Bir toplum eğer birbirine düşman edilmiş ise
o toplumun oluşturduğu birliktelik sadece şekilden ibarettir.
Dünya tarihinde “yıkılmaz” denilen yüzlerce imparatorluklar ve devletler kuruldu.
Hepsi bir tek ana sebepten çöktü
“Bölünmüşlük”
Örneklerini çok aramaya, öyle çok çok uzaklara falan gitmeye de gerek yok.
Tarih: 1453 Bizans İmparatorluğu/ İstanbul
Kuşatma altındaki İstanbul da yiyecek maddeleri tükenmeye başlamış, açlık en büyük sorun haline gelmişti.
Devlet hazinesinde yeterli para olmadığı için Surların tamiri için halktan zorla para alınıyordu.
İmparatorluk para eden her şeyi satıyordu. Öyle ki kiliselerdeki değerli eşyalara el konulmuş eritilen altın ve gümüşler paraya çevrilmişti.

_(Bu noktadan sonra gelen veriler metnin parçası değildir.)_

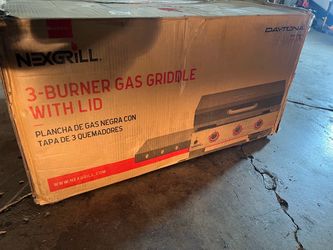 Nexgrill Daytona 3-Burner Gas Griddle, Flat Top Grill with Side Tables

Tüm bu olumsuzluklar bile Bizansı yıkmadı
Ama Birgün….
Grandük Notoras çıktı ve şöyle dedi;
“Şehirde Latin külahı görmektense Türk sarığını yeğlerim”
Bir anda Bizanslı Hristiyan topluluk Ortadoks ve katolik diye birbirlerinden ayrılmış ve adeta birbirlerine düşman olmuşlardı.
Osmanlı sultanı ll. Mehmet bundan faydalandı.
Şehrin tüm zayıf noktaları bu kişiler tarafından Osmanlı ordularına bildirildi.
Anlatılmayan gerçek o dur ki:
29 Mayıs 1453 İstanbul’un fethi esasında toplumsal bölünmüşlüğün bir sonucudur.
Acaba aynı din aynı peygambere inanan bir topluluk birbirine düşman olup kendi toplumundan böylesine nefret edecek bir duruma gelmeseydi bugün İstanbul bizim diyebilir miydik?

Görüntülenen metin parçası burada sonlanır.